§ **Aim of the exercise**: Lines outside the range are not wanted. Give again exactly the lines between the line holding "Hand Made Hand" and the line holding "Tigerauge - Bleistiftzeichnung", inclusive, from the listing below.
□ □ □
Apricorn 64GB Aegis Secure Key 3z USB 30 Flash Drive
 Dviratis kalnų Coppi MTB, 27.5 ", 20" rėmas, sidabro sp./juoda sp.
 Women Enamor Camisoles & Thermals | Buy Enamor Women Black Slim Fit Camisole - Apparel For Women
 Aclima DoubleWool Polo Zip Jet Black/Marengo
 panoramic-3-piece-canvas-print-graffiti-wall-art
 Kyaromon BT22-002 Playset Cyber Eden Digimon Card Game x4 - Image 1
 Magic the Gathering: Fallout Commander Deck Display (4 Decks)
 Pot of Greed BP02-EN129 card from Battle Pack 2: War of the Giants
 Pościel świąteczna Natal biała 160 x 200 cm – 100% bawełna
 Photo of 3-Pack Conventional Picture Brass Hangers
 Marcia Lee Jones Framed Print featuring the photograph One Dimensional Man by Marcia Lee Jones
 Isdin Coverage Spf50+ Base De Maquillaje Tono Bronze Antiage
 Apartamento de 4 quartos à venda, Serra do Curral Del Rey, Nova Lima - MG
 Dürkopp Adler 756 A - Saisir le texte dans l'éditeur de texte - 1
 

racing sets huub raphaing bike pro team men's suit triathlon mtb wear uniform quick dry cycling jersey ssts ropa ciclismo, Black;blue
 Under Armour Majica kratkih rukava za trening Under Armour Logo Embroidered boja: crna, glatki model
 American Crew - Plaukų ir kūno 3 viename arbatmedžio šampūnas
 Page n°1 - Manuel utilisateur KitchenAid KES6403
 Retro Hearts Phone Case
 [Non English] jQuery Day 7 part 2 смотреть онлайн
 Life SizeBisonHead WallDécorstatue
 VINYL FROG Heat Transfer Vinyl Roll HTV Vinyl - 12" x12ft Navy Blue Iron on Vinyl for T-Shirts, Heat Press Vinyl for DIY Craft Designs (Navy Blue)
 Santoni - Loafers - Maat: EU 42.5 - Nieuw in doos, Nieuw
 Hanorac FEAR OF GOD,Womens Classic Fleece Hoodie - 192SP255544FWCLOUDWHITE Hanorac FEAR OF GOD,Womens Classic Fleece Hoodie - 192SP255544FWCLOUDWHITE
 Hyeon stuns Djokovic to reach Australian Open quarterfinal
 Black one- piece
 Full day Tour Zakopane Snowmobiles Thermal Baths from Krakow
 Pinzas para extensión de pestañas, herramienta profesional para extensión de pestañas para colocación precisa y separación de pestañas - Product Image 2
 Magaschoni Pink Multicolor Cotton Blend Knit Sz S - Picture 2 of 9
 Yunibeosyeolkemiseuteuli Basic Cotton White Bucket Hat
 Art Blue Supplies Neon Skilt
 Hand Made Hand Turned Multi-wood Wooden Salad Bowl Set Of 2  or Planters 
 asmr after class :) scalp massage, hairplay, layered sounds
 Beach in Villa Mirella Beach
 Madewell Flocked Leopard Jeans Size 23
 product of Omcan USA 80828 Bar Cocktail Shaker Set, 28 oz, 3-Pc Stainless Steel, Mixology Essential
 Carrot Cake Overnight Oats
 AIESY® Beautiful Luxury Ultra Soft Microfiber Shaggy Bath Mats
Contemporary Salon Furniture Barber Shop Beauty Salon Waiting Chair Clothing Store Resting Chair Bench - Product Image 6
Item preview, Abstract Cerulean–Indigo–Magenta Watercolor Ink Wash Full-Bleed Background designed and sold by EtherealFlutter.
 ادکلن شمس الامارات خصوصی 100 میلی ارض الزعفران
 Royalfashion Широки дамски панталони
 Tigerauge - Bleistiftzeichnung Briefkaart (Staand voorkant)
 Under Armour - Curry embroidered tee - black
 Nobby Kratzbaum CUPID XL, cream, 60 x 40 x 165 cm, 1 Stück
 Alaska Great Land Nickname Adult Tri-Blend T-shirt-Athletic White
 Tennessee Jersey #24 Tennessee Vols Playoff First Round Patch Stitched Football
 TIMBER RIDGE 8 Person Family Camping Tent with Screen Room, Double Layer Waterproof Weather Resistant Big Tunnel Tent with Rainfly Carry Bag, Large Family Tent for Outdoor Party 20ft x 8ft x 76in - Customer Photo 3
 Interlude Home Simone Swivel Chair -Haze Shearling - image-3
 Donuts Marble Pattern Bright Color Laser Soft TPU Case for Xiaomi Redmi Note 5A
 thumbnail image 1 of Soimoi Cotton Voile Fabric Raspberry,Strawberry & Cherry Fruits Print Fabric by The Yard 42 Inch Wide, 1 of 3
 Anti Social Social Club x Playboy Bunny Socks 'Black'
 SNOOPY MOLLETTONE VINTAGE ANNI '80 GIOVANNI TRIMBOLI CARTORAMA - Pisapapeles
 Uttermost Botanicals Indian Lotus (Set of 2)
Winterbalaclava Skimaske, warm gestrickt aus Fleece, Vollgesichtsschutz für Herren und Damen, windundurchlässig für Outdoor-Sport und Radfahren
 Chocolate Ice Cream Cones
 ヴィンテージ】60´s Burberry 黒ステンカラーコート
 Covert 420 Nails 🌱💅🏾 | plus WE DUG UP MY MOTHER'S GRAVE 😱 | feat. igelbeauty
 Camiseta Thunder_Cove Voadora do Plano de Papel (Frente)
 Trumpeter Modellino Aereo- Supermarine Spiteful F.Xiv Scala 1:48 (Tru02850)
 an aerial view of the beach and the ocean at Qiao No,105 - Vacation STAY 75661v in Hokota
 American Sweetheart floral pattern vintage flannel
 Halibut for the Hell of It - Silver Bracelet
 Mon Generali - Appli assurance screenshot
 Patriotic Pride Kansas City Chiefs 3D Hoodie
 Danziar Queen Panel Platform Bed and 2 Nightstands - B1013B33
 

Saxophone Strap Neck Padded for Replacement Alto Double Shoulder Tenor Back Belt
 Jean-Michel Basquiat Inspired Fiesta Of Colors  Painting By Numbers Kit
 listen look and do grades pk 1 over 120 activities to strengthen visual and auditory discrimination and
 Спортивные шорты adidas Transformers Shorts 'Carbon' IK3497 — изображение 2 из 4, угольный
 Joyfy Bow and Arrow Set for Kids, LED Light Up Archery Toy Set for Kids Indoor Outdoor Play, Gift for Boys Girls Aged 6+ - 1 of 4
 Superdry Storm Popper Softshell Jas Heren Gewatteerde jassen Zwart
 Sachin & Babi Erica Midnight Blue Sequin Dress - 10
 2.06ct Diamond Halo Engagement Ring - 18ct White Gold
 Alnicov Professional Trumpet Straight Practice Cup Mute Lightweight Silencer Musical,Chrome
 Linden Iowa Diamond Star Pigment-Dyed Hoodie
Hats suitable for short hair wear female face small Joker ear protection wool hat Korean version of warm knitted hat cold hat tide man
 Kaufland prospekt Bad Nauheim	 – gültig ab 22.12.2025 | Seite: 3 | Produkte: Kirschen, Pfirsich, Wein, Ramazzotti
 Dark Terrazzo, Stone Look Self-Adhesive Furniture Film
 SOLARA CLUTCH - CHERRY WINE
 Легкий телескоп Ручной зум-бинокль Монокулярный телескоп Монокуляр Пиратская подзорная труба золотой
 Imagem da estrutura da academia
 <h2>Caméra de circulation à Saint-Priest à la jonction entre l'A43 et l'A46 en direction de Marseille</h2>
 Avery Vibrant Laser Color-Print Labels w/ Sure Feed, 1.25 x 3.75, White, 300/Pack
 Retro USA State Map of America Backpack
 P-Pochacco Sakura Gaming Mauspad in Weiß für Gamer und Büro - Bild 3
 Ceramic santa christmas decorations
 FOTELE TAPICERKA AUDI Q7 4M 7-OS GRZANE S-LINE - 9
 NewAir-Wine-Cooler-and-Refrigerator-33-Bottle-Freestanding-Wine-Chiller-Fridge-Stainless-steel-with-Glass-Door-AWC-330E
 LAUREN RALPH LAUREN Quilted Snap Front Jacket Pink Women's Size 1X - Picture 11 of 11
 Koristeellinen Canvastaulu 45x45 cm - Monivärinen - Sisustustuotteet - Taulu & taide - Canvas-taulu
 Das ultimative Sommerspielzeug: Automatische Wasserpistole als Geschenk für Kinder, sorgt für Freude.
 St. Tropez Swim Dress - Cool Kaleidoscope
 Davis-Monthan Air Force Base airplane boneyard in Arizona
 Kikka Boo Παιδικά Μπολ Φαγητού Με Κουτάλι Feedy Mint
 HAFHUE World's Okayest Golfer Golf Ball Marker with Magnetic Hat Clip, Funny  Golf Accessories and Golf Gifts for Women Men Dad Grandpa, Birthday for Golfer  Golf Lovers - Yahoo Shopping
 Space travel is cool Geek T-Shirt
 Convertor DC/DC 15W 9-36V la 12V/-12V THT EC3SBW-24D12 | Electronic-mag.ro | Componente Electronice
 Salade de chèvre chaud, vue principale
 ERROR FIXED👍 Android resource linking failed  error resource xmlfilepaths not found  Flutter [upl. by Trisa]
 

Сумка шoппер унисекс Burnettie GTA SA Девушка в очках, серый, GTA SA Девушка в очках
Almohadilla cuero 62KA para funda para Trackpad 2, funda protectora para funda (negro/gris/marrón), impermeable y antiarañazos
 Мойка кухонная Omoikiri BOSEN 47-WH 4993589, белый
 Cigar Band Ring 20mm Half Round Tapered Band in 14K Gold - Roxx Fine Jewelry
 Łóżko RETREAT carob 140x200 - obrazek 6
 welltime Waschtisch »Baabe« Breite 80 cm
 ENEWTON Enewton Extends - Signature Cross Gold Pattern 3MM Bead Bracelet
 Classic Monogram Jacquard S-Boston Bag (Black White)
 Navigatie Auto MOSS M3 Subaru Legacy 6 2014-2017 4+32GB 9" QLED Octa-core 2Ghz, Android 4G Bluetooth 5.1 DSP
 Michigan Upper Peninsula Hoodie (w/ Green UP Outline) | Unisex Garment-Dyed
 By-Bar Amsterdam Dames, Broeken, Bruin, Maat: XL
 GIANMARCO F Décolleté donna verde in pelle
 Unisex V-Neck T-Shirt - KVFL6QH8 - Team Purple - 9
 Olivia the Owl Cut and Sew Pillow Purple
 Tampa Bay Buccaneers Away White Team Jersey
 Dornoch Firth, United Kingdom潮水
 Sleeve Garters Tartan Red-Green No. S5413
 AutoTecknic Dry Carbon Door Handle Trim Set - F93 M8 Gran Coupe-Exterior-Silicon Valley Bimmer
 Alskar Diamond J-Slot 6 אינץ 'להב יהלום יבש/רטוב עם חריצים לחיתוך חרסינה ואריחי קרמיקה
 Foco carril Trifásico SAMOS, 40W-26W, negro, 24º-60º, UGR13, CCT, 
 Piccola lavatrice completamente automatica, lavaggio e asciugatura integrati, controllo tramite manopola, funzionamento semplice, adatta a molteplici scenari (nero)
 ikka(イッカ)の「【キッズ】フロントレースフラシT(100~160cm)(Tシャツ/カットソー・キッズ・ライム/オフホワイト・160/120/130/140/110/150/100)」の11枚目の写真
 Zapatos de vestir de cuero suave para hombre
□ □ □
§ **Task response**:
 Hand Made Hand Turned Multi-wood Wooden Salad Bowl Set Of 2  or Planters 
 asmr after class :) scalp massage, hairplay, layered sounds
 Beach in Villa Mirella Beach
 Madewell Flocked Leopard Jeans Size 23
 product of Omcan USA 80828 Bar Cocktail Shaker Set, 28 oz, 3-Pc Stainless Steel, Mixology Essential
 Carrot Cake Overnight Oats
 AIESY® Beautiful Luxury Ultra Soft Microfiber Shaggy Bath Mats
Contemporary Salon Furniture Barber Shop Beauty Salon Waiting Chair Clothing Store Resting Chair Bench - Product Image 6
Item preview, Abstract Cerulean–Indigo–Magenta Watercolor Ink Wash Full-Bleed Background designed and sold by EtherealFlutter.
 ادکلن شمس الامارات خصوصی 100 میلی ارض الزعفران
 Royalfashion Широки дамски панталони
 Tigerauge - Bleistiftzeichnung Briefkaart (Staand voorkant)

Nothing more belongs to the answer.